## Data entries
[Start of section]

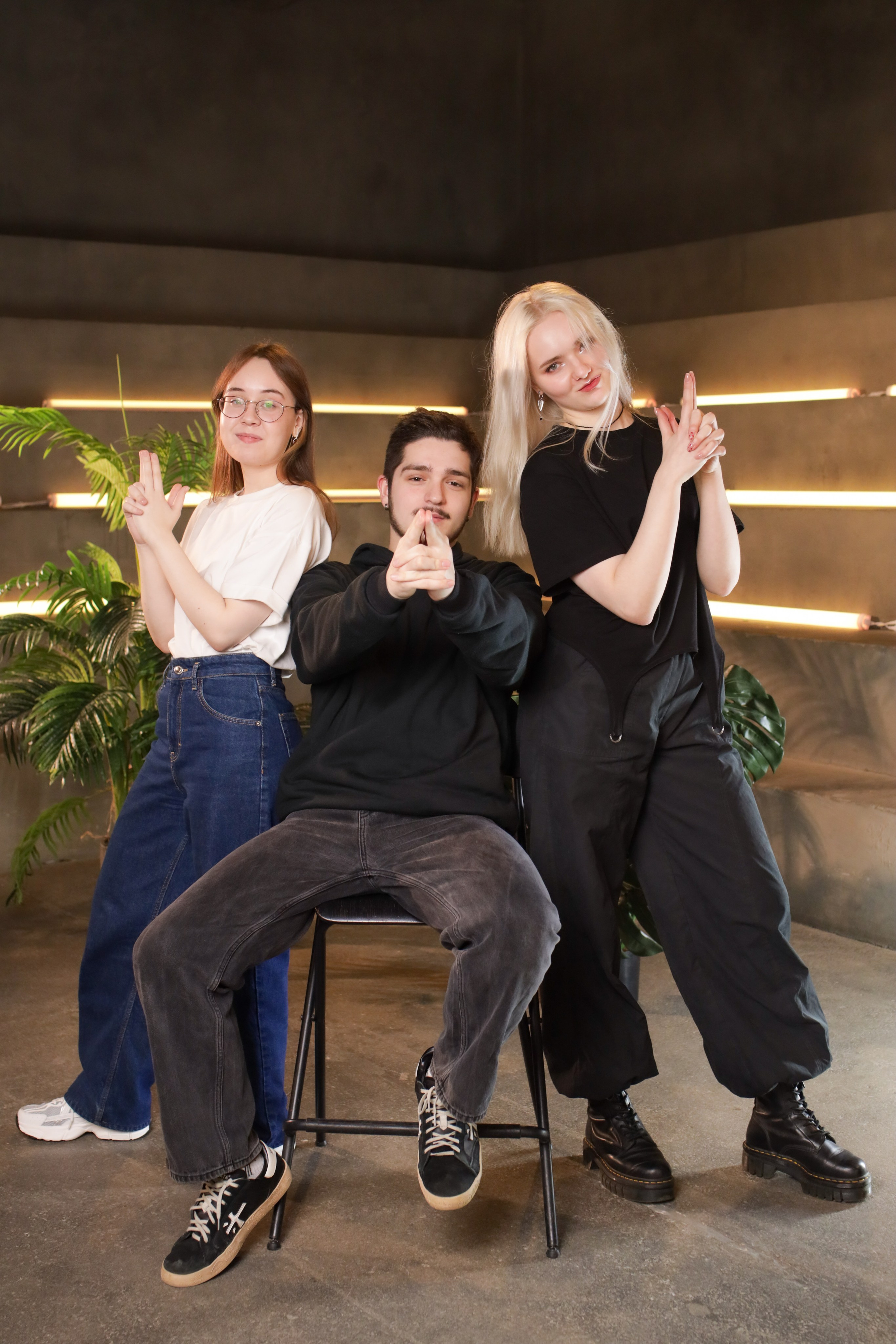 Неон портреты. Главная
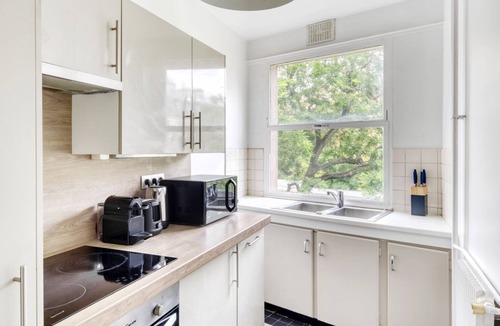 Passy Apartment | Blueground | Passy, elevator, nr Eiffel Tower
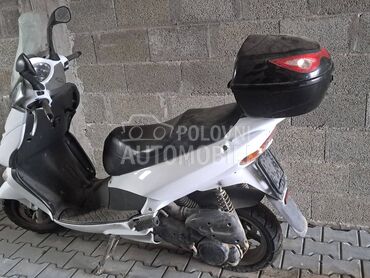 Aprilia Leonardo 150, 350 €, 2001. , 150 cm3, 5.000 km, 10kW (14 KS), Scooter, Tutin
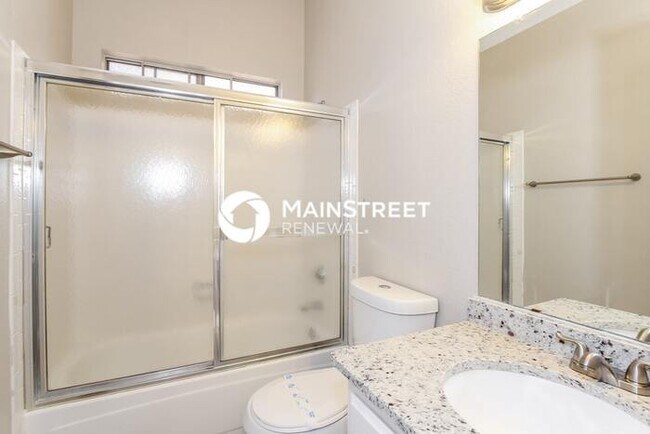 Building Photo - 3 Bedroom Pet-Friendly Home in Glendale, AZ with Main Street Renewal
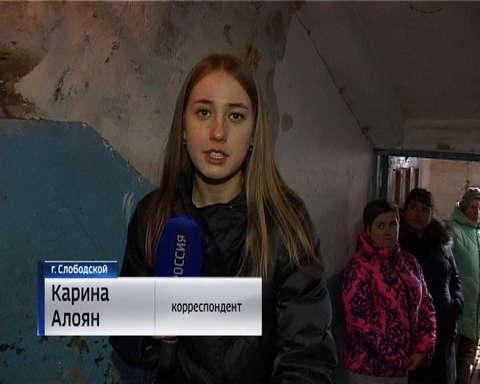 В подъезде дома по улице Гагарина в городе Слободском затопило стену 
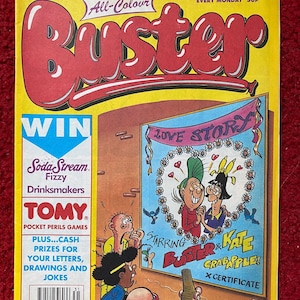 Pode incluir: Uma capa de banda desenhada colorida com o título "Buster" em letras vermelhas grandes. A capa apresenta uma ilustração de banda desenhada de uma história de amor com o texto "Love Story" e "Starring Buster & Kate Crabapple!" A banda desenhada é de 1 de agosto de 1992.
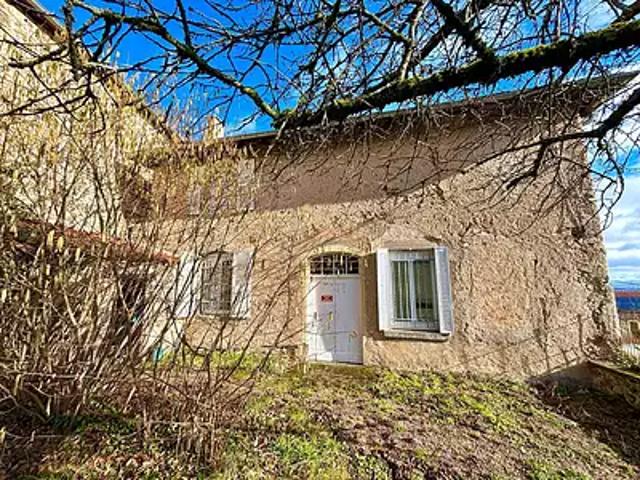 Villemontais 42155 Achat / Vente maison 9 pièces t9 au dernier étage cave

[End of section]

## HOW TO COMPLETE THIS TASK
Starting at the first line of the records above, set down each line exactly through the one that holds "Pode incluir: Uma". Omit pictures.

## TASK RESULT
 Неон портреты. Главная
 Passy Apartment | Blueground | Passy, elevator, nr Eiffel Tower
 Aprilia Leonardo 150, 350 €, 2001. , 150 cm3, 5.000 km, 10kW (14 KS), Scooter, Tutin
 Building Photo - 3 Bedroom Pet-Friendly Home in Glendale, AZ with Main Street Renewal
 В подъезде дома по улице Гагарина в городе Слободском затопило стену 
 Pode incluir: Uma capa de banda desenhada colorida com o título "Buster" em letras vermelhas grandes. A capa apresenta uma ilustração de banda desenhada de uma história de amor com o texto "Love Story" e "Starring Buster & Kate Crabapple!" A banda desenhada é de 1 de agosto de 1992.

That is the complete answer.